İnsanları anlamak zordur. Olduğundan farklı görünmek, bilgisizden bilgi sahibi olduğunu göstermek, hiçbir becerisi olmamasına rağmen boyundan büyük işlere kalkışmak, meslek veya kariyerlerinin dışında başka konularda ahkam kesmek, çevresine veya topluma yol göstermeye kalkmak, kendi ihtiraslarını tatminden öte bir anlam taşımaz. Bunların dışında kalan büyük kitleler, ne yazık ki bu tür kişilerin çeşitli yollarla ele geçirdikleri iletişim kanalları yolu ile bunları dinlemek zorunda kalmaktadır.

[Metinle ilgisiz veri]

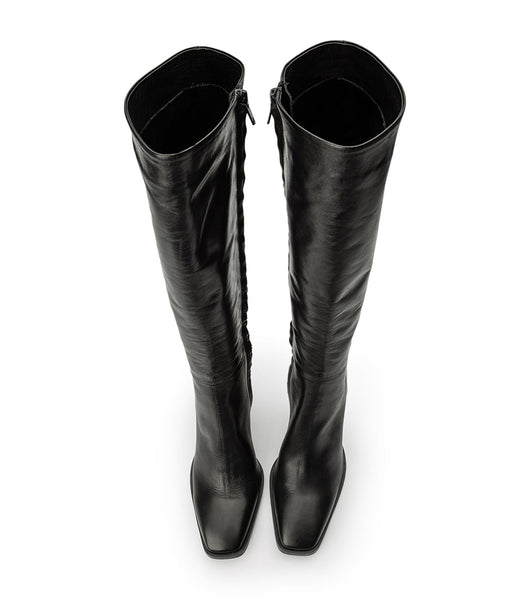 Black Tony Bianco Rylee Black Venice 8.5cm Knee High Boots | BILSD72030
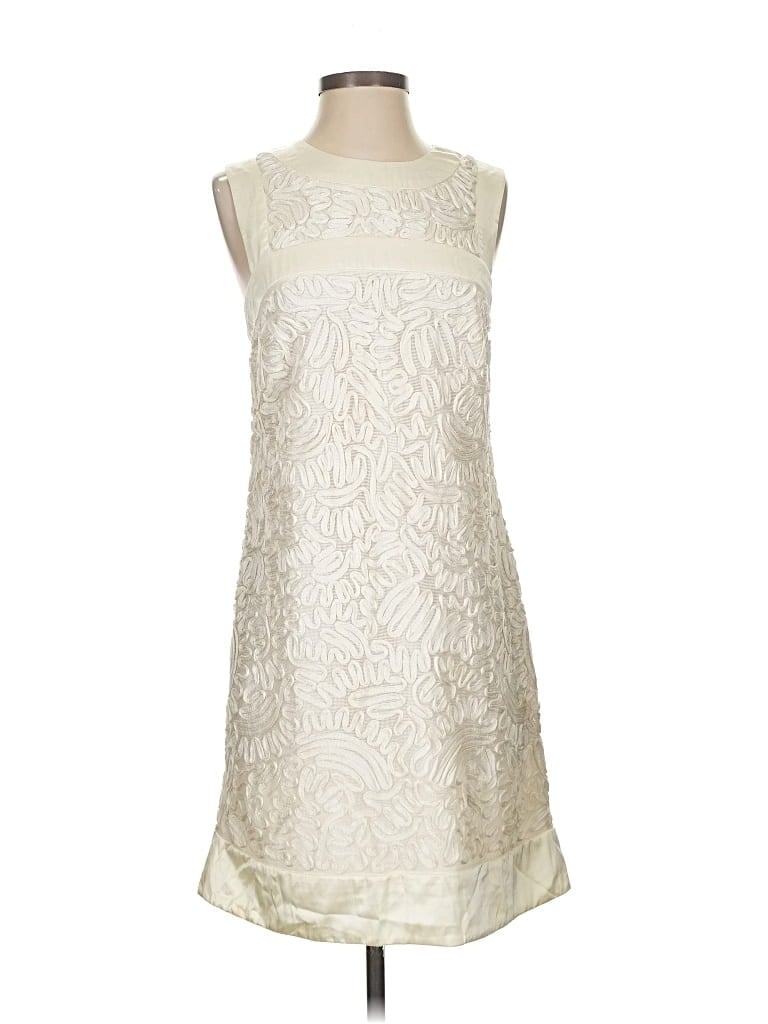 Pre-owned French Connection Cocktail Dress In White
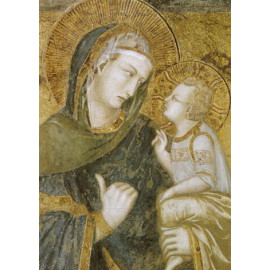 Pietro Lorenzetti - Début du XIV° siècle - La Vierge à l'Enfant - N°159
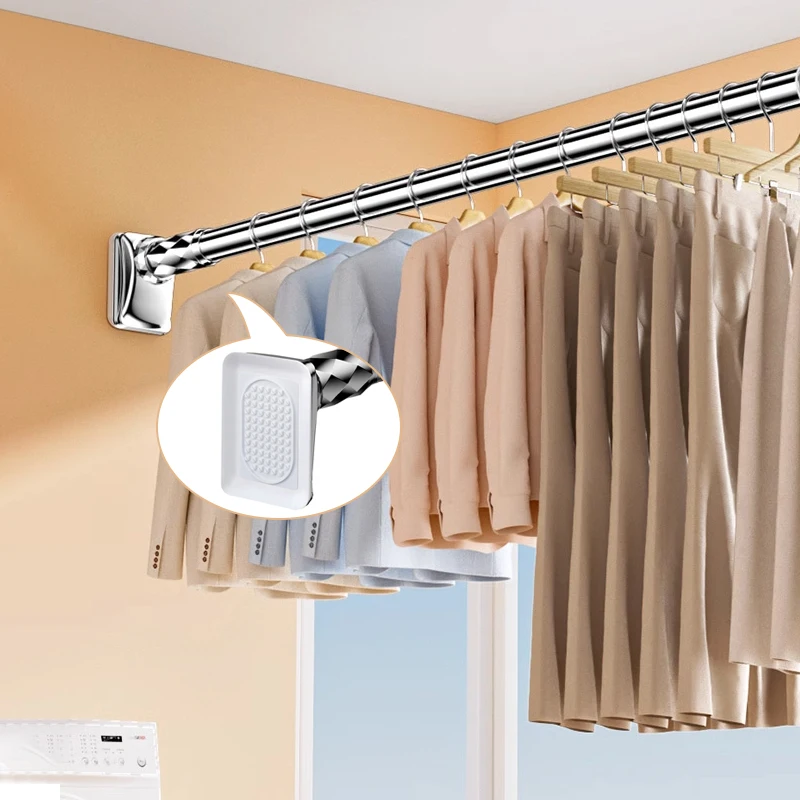 Black Hot Sale Buy Shower Room Cafe Adjustable Single Curtain Poles And Accessories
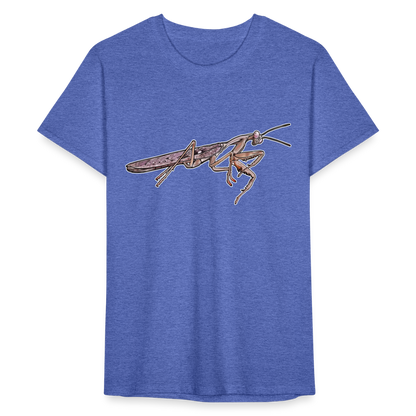 Männer Fruit of the Loom T-Shirt Rhombodera kirbyi male - Blau meliert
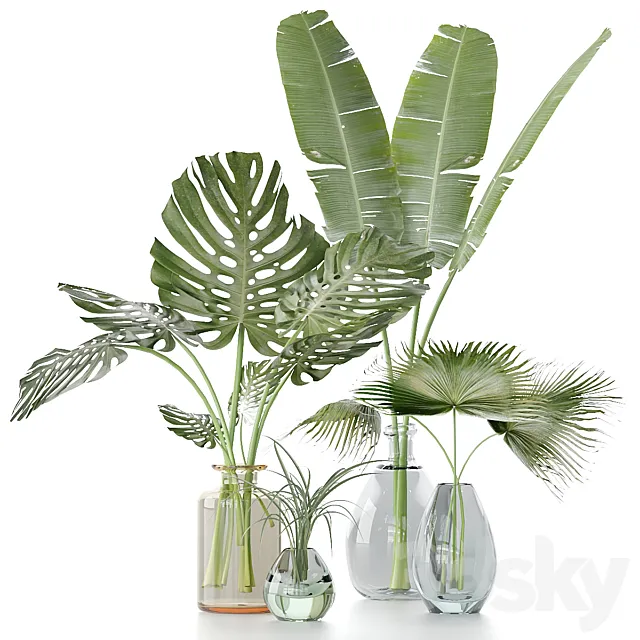 Bouquet in a vase 54 3DSMax File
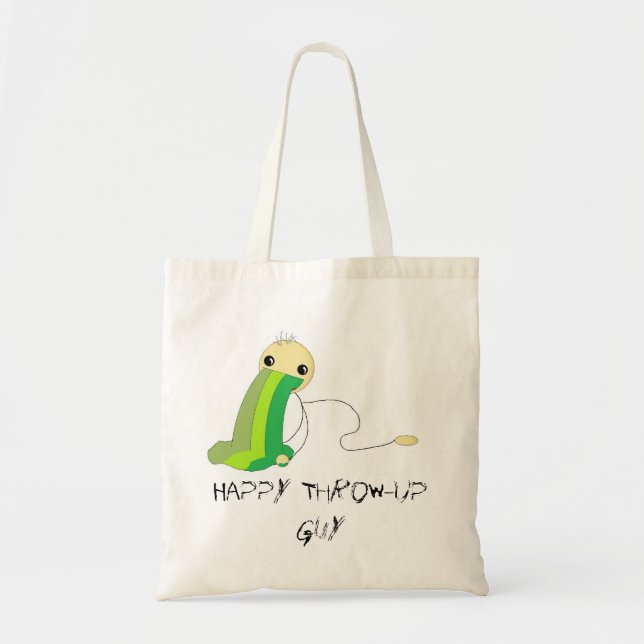 Happy Throw-Up Guy Budget Tote (Front)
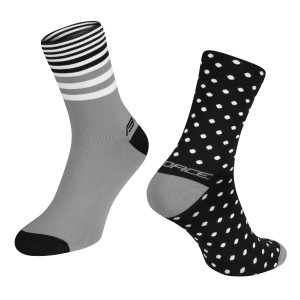 socks FORCE SPOT  black-grey L-XL/42-46
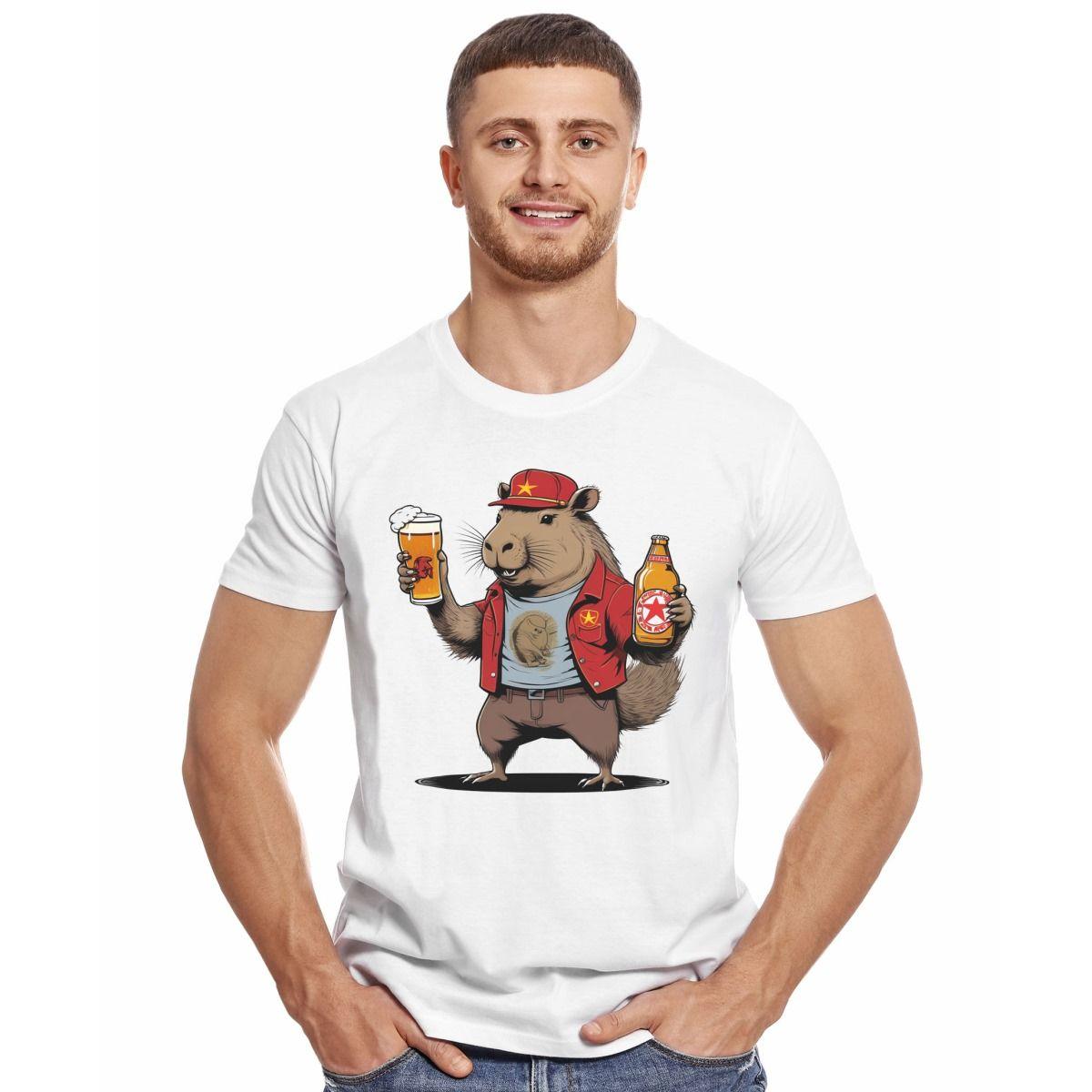 CAPIBARA CERVEZA ROCK CAPYBARA POLERA MANGA CORTA HOMBRE-2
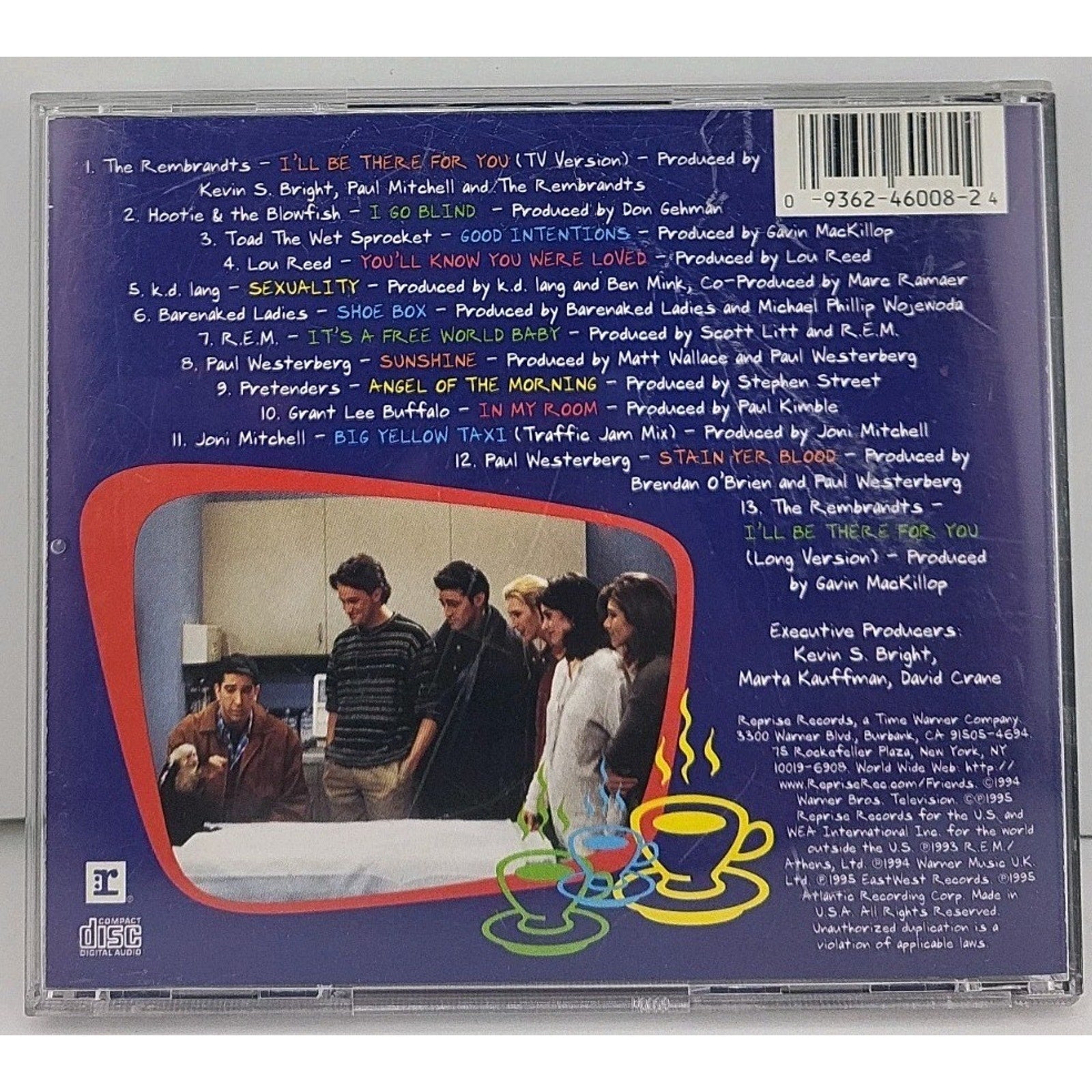 Friends (Original Soundtrack) by Friends / TV O.S.T. (CD, 1995)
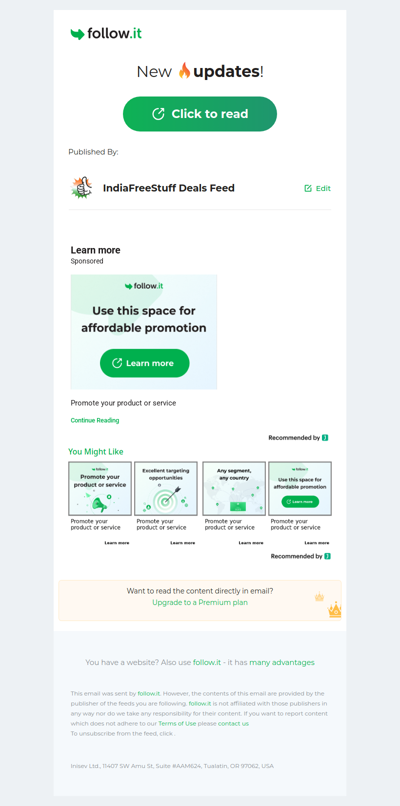 IndiaFreeStuff Deals Feed - new message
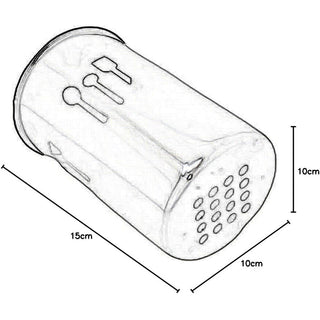 Portaposate in acciaio scolaposate porta utensili da cucina  15x10 cm
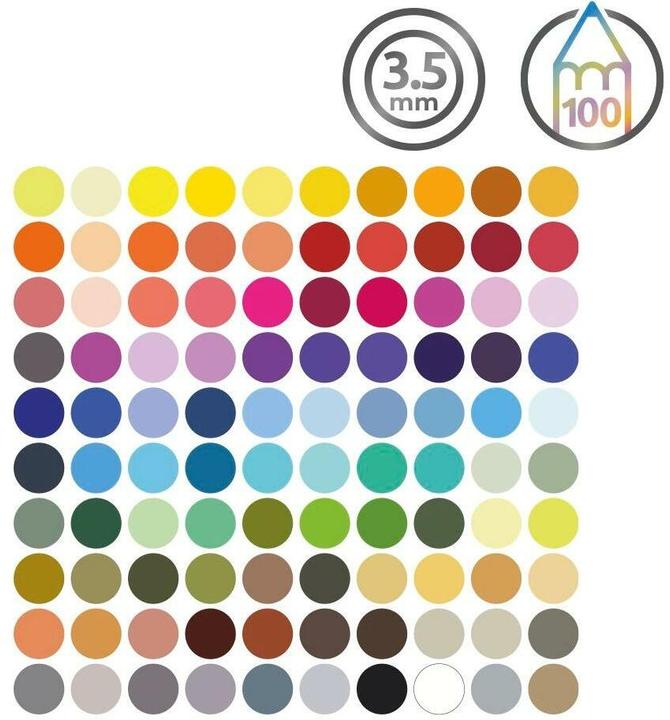 Actual product image Derwent Coloured pencils Chromaflow Professional 100 pieces (3.50 mm, 100 x)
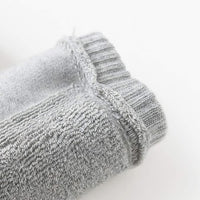 Light Grey Toddler Wool Knit Leg Warmer (Knee Guard)
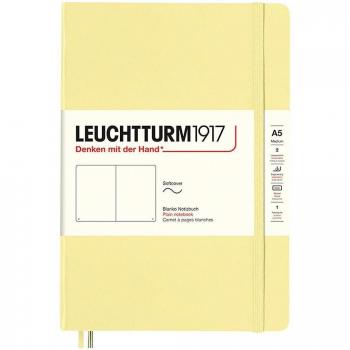 Cuaderno A5 tapa blanda Leuchtturm1917 vainilla sin líneas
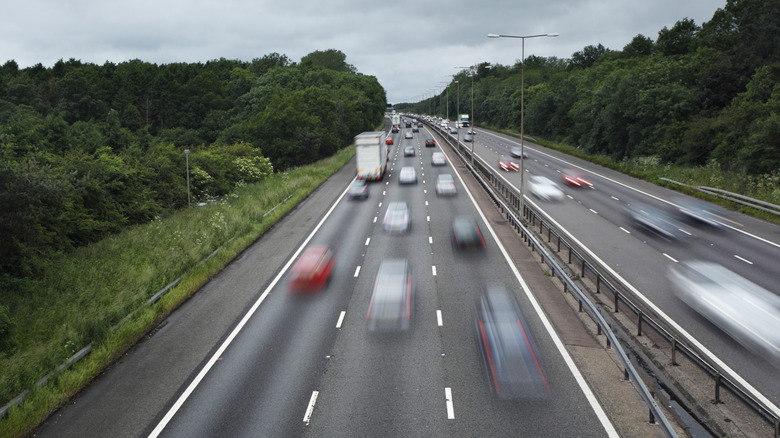 Cars on highway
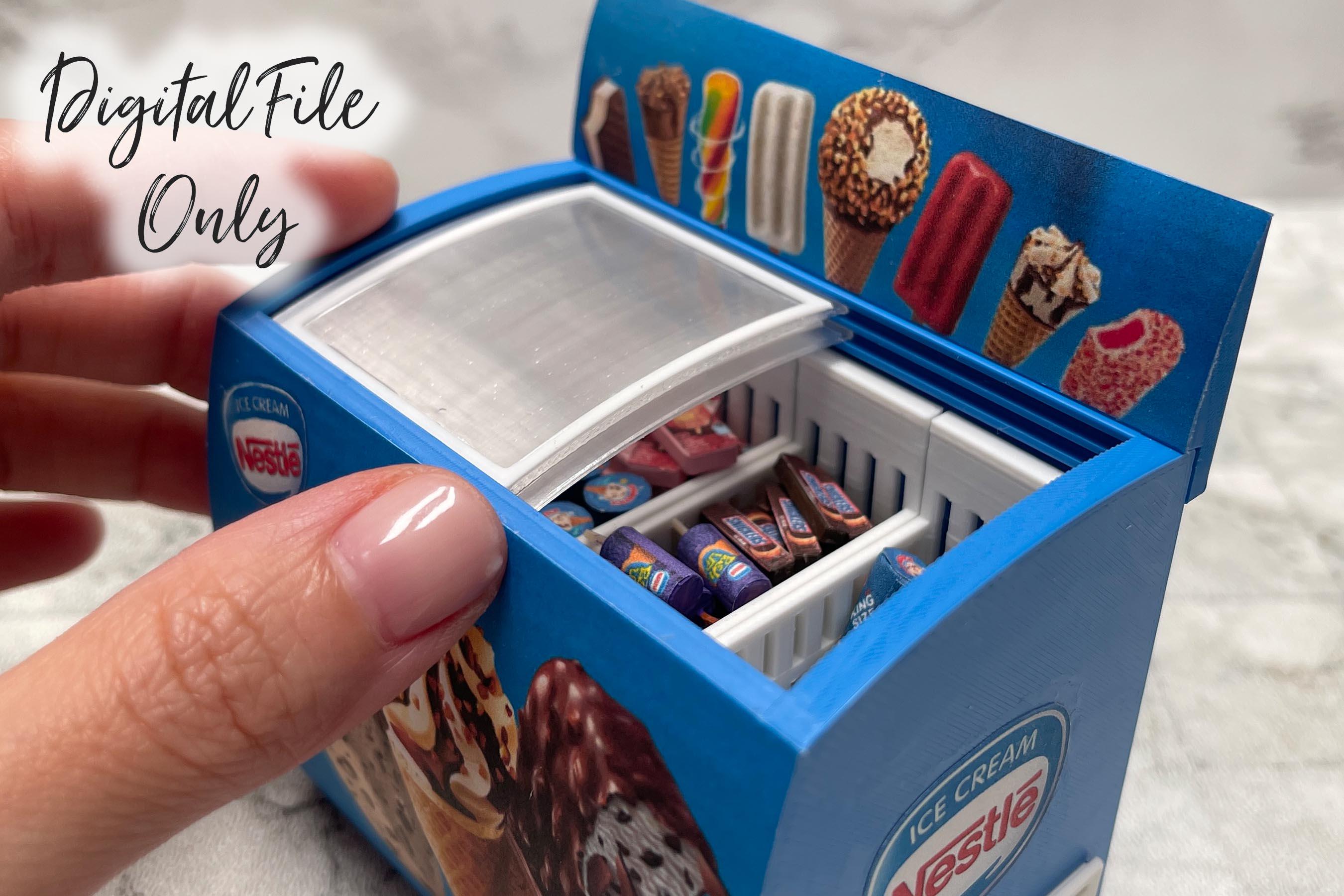 1/12 Scale Miniature Ice Cream Freezer- Digital STL File - Etsy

Çevrenize bir bakın. Bu tür adamların varlığına tanık olacaksınız. Örneğin adam bakkal, müteahhitliğe soyunmuş. Üstelik bir de mimarlığa özenip proje çizmeye kalkmış. Sonuç. En ufak bir dış etkiden dolayı bina yıkılmış, arkasında onlarca ölü ve yaralı bırakmış. Kendinden menkul bir yaklaşımla gazeteciyim diyen kişiler, tuttukları kalemi kime kaça satacaklarını araştırırken bir yandan da patronlarının işlerini takip etmek için Ankara-İstanbul arasında mekik dokuma durumuna girmişler. Maaşlarını dolar kuru üzerinden alan birileri masa başında asgari ücret tartışması yapıyor. Ekranlarda yer alan oturumlarda boy gösteren zevat, kariyerlerinin dışındaki konularda bilirkişi durumuna girmişler, bir mühendis harp sanatının inceliklerini anlatırken, bir hukukçu bir ameliyatın nasıl yapılması gerektiği konusunda görüş bildirmekten kaçınmaz hale gelebilmektedir.
Siyasi yaklaşımlarını kabul ettirebilmek için gerçek dışı olaylara dayandıran politikacıların
söylemleri ile iç ve dış gelişmeleri değerlendirmeye çalışmaları, uzatılan mikrofonları görünce etraflarında “tuzluk” arama görüntüleri, Aziz Nesin’in mizahi anlayışının boyutlarını aşma noktasını geçmiştir.
Söylenenleri “Adamın biri (Tatara-Titiri)’’ diye değerlendirin. Bunlardan kurtulmak istiyorsanız yolun demokrasiden geçtiğini unutmayın. Galatasaray ve Fenerbahçe’nin yaptığını yapın. “Kırmızı Çizginizi” siz belirleyin.
Yeni yılınızı, sevdiklerinizle beraber sağlıklı, huzurlu, özgür, adaletli bir ortam içersinde geçirmeniz dileği ile kutluyorum.